Look at it this way; you buy shares of ABC Inc. at $10.00 each. A few weeks later, you find that the price has gone down to $8.00—a 20% decline in value. You go ahead and buy even more shares. Now, if you take the average of the two prices you paid for ABC shares, you will find that your cost is actually $9.00—your cost has gone down by buying the stock at a lower price.
With this comes one question: does buying more when something is falling in price really add any value to your portfolio or reduce the risk? The cold hard truth is no.
While most investors may not realize this, so-called “dollar cost averaging” actually increases an investor’s exposure to risk.
Think about the example above with ABC Inc.; if an investor continues to buy more shares of ABC when its price is falling, they are simply increasing the risk in their portfolio. Remember, you must try to diversify your portfolio in order to make it immune to market fluctuations. In this example of dollar cost averaging, the investor doesn’t diversify; instead, they add more to one stock. Before buying, ask yourself this one question: while the prices are going lower, what happens if the price keeps going lower?
In addition to increasing risk in the portfolio, dollar cost averaging also increases transaction costs. Let’s return to our example above. An investor buys ABC Inc. shares at $10.00, and then bought at $8.00 again; this investor’s broker charges $10.00 per trade. This investor’s total transaction cost for ABC shares will be $20.00; on top of this, they still have a loss of $1.00 per share.
What dollar cost averaging essentially does is kill an investor’s profitability and increase their losses—even if they don’t buy more shares as the price goes lower.

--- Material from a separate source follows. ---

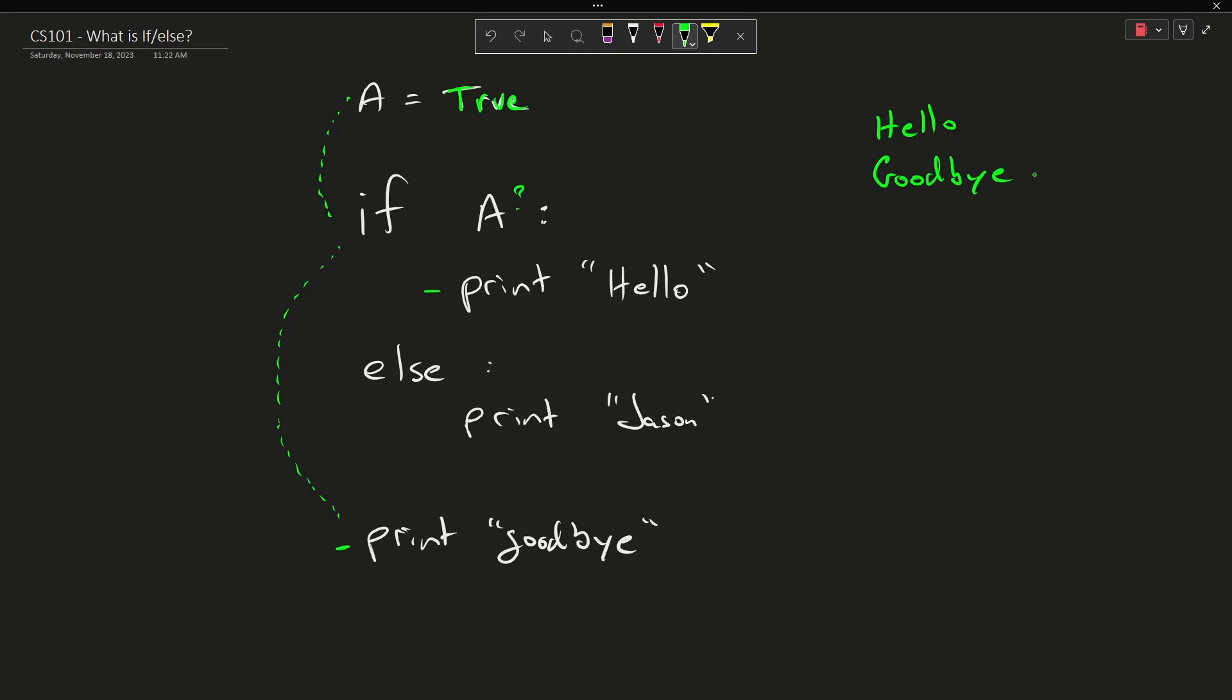Now let's use a red pen to indicate what happens if A is false. I'm going to come here and I'm going to say, is A true?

Instead of making a mistake of buying more when the price of a stock is falling, investors must think long term and know that there will be fluctuations in the market. They should focus on asset allocation to keep their portfolio in line with their long-term targets. Constantly buying when a stock’s price is in a freefall is like trying to catch a falling knife—the end results will be a loss to the investor’s portfolio, delaying them from reaching their long-term goal.